Y es que funciona por una razón muy poco glamurosa que él no esconde: la gente no te está prestando atención. Empiezas con el cien por cien de la sala y, según avanzas, lo vas perdiendo; al final te queda una décima parte. Así que la información valiosa no puede vivir solo en el cierre, porque ahí ya no te escucha casi nadie. Dilo pronto, sostenlo con datos, y remata repitiéndolo. No es manipulación; es respetar el tiempo y la cabeza del otro.
03 — Dónde brilla y dónde se queda corto
Un manual honesto, pero no esperes magia
Voy a ser sincero contigo sobre qué tipo de libro es este. Es un manual práctico, de paso uno, paso dos, paso tres, y eso a mí me encanta porque te lo deja todo masticado: cómo estructurar una presentación, cómo cuidar la voz (velocidad, volumen, tono), cómo escribir un email que sí se lea. Te llevas plantillas que puedes usar el lunes por la mañana. En lo táctico, cumple.
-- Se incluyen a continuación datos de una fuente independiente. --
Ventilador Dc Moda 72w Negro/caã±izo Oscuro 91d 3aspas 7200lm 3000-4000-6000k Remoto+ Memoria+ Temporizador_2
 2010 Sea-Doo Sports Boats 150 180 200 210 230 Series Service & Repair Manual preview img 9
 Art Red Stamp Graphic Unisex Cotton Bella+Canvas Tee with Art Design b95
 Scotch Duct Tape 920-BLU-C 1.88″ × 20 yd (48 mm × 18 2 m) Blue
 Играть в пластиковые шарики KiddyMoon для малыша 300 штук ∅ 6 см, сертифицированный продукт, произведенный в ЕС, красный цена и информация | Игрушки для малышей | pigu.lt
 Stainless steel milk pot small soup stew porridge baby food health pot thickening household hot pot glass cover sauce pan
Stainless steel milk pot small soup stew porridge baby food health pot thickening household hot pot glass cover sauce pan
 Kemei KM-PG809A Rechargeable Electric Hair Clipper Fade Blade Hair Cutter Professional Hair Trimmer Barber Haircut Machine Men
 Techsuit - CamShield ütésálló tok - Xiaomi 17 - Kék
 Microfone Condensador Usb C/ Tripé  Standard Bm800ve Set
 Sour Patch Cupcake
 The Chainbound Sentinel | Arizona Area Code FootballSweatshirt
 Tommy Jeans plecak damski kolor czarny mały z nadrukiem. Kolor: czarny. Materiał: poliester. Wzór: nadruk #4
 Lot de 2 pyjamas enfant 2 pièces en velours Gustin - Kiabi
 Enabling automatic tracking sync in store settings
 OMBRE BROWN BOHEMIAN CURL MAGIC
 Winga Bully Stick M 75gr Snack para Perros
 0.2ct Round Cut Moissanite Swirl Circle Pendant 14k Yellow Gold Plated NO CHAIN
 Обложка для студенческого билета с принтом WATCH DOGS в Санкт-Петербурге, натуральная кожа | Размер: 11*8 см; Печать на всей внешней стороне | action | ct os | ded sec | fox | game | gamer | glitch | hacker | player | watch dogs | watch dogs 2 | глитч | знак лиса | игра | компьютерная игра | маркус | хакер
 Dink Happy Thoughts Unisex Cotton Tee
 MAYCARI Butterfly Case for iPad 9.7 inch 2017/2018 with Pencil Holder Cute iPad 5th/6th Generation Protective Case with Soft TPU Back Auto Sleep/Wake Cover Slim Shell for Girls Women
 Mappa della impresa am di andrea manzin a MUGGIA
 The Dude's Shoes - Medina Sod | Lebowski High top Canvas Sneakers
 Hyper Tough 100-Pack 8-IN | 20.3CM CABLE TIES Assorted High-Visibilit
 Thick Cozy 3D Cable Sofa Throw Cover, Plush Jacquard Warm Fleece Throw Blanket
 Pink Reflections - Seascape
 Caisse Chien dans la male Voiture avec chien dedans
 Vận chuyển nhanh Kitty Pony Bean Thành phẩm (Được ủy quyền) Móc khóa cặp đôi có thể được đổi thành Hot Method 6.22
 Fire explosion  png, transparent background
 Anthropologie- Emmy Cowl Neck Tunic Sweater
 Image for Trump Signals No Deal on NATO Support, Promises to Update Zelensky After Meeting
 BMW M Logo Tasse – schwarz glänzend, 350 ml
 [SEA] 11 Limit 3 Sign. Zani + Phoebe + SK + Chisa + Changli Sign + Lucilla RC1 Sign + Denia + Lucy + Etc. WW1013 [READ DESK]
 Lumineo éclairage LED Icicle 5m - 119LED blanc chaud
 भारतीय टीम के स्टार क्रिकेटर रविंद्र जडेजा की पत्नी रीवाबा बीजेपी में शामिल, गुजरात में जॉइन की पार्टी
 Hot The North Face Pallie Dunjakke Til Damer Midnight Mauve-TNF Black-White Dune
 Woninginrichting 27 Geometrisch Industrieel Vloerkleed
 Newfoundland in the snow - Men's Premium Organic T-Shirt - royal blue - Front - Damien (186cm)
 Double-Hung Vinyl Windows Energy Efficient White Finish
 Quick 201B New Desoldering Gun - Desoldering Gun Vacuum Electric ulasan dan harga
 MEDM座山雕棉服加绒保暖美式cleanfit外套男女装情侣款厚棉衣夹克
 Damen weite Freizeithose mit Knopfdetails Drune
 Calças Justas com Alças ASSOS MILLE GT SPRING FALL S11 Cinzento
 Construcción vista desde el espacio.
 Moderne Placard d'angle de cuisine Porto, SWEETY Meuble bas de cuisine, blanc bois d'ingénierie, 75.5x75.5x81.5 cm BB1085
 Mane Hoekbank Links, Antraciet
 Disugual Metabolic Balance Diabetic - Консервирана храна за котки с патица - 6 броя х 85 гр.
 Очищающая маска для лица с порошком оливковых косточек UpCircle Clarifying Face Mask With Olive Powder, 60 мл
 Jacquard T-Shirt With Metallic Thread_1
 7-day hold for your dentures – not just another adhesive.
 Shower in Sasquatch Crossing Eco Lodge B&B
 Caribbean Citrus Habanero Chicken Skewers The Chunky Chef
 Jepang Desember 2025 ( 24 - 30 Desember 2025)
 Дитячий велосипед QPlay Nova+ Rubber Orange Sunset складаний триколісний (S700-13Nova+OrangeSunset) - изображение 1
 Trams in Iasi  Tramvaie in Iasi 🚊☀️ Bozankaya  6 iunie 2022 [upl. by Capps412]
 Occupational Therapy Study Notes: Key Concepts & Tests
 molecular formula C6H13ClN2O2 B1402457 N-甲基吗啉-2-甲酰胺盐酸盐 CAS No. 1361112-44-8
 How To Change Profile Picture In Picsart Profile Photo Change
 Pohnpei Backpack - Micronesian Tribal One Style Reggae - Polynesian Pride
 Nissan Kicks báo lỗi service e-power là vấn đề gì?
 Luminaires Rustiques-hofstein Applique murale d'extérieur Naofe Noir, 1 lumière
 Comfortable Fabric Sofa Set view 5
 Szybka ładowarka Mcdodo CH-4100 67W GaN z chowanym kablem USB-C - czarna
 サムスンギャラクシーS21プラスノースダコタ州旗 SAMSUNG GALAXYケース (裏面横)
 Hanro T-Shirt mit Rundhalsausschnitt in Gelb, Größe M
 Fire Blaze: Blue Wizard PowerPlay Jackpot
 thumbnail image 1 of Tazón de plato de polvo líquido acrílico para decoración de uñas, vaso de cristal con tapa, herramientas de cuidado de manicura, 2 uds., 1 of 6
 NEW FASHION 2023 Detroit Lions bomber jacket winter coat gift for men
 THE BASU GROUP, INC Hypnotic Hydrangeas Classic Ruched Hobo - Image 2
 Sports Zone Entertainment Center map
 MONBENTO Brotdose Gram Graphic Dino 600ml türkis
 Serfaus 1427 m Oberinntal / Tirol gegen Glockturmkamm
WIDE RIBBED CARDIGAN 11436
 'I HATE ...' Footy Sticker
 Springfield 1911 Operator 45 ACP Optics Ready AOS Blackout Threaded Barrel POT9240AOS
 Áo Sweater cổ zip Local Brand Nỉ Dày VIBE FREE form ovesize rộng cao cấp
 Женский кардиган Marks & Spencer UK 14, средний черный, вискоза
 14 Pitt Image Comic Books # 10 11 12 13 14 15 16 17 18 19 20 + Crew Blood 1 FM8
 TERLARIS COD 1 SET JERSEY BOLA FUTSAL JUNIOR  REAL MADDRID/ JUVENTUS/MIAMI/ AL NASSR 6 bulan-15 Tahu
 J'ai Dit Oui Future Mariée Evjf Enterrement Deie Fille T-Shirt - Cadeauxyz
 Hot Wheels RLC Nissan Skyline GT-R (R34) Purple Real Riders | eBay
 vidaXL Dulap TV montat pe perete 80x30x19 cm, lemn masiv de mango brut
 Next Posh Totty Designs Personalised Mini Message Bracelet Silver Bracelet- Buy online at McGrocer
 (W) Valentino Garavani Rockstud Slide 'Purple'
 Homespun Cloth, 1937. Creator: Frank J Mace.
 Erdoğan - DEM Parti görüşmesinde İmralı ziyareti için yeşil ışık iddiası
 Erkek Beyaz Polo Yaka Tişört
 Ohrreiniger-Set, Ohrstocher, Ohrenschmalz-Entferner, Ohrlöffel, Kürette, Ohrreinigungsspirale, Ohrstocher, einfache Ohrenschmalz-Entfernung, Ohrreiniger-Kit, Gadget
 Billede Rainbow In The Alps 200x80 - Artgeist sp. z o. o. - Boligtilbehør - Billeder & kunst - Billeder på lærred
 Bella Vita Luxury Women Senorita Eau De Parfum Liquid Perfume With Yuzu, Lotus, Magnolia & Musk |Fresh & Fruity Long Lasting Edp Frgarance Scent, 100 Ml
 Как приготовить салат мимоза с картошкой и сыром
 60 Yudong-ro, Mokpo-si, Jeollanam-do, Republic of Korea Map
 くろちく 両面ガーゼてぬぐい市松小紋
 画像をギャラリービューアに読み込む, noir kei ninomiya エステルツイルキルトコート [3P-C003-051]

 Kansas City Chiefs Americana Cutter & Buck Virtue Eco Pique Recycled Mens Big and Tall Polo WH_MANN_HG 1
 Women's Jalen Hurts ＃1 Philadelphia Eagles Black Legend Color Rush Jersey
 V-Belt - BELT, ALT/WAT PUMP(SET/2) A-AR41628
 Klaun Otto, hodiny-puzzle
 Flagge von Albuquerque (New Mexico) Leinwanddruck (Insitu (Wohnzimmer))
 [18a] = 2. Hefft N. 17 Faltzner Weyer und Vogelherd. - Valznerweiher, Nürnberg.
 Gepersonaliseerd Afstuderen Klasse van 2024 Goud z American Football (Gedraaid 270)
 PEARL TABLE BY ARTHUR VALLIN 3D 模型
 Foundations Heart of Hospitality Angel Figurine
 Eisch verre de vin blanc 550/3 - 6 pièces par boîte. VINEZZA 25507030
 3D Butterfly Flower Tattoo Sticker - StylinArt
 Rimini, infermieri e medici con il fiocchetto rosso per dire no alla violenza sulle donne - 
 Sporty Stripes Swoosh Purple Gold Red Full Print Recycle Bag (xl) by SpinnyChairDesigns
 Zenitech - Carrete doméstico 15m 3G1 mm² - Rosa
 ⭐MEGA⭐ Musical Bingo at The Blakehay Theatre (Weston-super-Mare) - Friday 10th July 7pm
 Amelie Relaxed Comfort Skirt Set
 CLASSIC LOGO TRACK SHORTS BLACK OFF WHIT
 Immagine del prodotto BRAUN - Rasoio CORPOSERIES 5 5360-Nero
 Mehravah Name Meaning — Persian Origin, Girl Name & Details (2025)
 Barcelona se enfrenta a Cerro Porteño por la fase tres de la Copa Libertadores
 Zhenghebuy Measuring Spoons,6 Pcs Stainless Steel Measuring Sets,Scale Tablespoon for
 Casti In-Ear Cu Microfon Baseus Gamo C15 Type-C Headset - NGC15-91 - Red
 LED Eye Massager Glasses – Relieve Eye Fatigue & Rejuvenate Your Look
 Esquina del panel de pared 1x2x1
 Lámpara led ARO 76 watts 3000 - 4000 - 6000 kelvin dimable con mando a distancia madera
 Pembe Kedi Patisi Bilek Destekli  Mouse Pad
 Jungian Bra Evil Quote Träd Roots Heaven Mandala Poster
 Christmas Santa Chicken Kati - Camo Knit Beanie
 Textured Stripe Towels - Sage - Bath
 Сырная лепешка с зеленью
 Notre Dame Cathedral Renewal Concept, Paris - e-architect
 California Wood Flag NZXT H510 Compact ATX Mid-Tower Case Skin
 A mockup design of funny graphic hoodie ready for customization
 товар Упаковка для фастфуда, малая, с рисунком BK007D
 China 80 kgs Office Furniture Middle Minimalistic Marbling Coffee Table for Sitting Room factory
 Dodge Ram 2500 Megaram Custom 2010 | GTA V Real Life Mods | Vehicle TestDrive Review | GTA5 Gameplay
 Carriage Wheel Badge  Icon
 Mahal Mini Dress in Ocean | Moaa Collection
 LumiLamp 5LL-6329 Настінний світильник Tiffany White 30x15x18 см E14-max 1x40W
Lo que tiene en contra, y conviene decirlo, es que no hay aquí ninguna idea que te vaya a cambiar la vida; son buenas prácticas, no revelaciones. Y un detalle importante: no está traducido al español. Si tu inglés flojea, te va a costar ir a la fuente. Por eso este libro brilla para una persona muy concreta: el profesional que vive de presentar, reunirse y escribir correos, y quiere afinar el oficio. Si buscas un porqué profundo de la comunicación humana, este no es; es el cómo, bien ordenado.
Lo que vas a hacer hoy
No te voy a pedir que te leas el libro entero hoy. Te voy a pedir que apliques la idea troncal en una sola comunicación que tengas pendiente.
- Define tu idea principal en una frase: coge esa presentación o ese email que tienes a medias y resúmelo en menos de diez palabras. Si no te sale, es que tú tampoco lo tienes claro.
- Pon la conclusión arriba: en tu próximo correo importante, suelta lo que pides en la primera frase. El contexto va después, no antes.
- Cambia un sustantivo por un verbo: en ese mismo texto, busca un «desarrollo, implementación y evaluación» y conviértelo en «desarrollar, implementar y evaluar». Vas a notar cómo gana fuerza.